For an all-powerful god who can create an entire universe exactly how he wishes with just a word, there is no deed which is any more difficult than any other deed. They are exactly as trivial. Anything he does for you is no more difficult or meaningful than not doing it at all. Bestowing personalized, laser-engraved titanium tablets to each and every human on Earth is no more difficult than producing stone tablets... or doing nothing at all.

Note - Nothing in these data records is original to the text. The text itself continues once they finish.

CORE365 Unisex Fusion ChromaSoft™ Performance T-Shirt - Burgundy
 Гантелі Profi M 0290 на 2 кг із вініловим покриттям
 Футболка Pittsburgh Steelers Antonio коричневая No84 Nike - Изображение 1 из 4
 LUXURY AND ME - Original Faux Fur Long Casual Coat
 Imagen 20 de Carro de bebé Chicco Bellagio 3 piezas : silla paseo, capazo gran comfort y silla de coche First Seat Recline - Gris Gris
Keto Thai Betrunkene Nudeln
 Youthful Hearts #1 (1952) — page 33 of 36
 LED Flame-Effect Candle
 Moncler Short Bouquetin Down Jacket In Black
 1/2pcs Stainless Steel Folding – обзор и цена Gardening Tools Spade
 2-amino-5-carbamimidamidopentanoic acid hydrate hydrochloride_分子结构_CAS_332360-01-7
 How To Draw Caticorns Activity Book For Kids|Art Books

Instead, we get crap like this.

And the Lord said unto Moses, Come up to me into the mount, and be there: and I will give thee tables of stone, and a law, and commandments which I have written; that thou mayest teach them.
And he gave unto Moses, when he had made an end of communing with him upon mount Sinai, two tables of testimony, tables of stone, written with the finger of God.
And the Lord repented of the evil which he thought to do unto his people.
And Moses turned, and went down from the mount, and the two tables of the testimony were in his hand: the tables were written on both their sides; on the one side and on the other were they written.
And the tables were the work of God, and the writing was the writing of God, graven upon the tables.
And when Joshua heard the noise of the people as they shouted, he said unto Moses, There is a noise of war in the camp.
And he said, It is not the voice of them that shout for mastery, neither is it the voice of them that cry for being overcome: but the noise of them that sing do I hear.
And it came to pass, as soon as he came nigh unto the camp, that he saw the calf, and the dancing: and Moses' anger waxed hot, and he cast the tables out of his hands, and brake them beneath the mount.
And the Lord said unto Moses, Hew thee two tables of stone like unto the first: and I will write upon these tables the words that were in the first tables, which thou brakest.
And be ready in the morning, and come up in the morning unto mount Sinai, and present thyself there to me in the top of the mount.
And no man shall come up with thee, neither let any man be seen throughout all the mount; neither let the flocks nor herds feed before that mount.
And he hewed two tables of stone like unto the first; and Moses rose up early in the morning, and went up unto mount Sinai, as the Lord had commanded him, and took in his hand the two tables of stone.
And the Lord descended in the cloud, and stood with him there, and proclaimed the name of the Lord.
And the Lord said unto Moses, Write thou these words: for after the tenor of these words I have made a covenant with thee and with Israel.
And he was there with the Lord forty days and forty nights; he did neither eat bread, nor drink water. And he wrote upon the tables the words of the covenant, the ten commandments.
And it came to pass, when Moses came down from mount Sinai with the two tables of testimony in Moses' hand, when he came down from the mount, that Moses wist not that the skin of his face shone while he talked with him.
And when Aaron and all the children of Israel saw Moses, behold, the skin of his face shone; and they were afraid to come nigh him.
And Moses called unto them; and Aaron and all the rulers of the congregation returned unto him: and Moses talked with them.
And afterward all the children of Israel came nigh: and he gave them in commandment all that the Lord had spoken with him in mount Sinai.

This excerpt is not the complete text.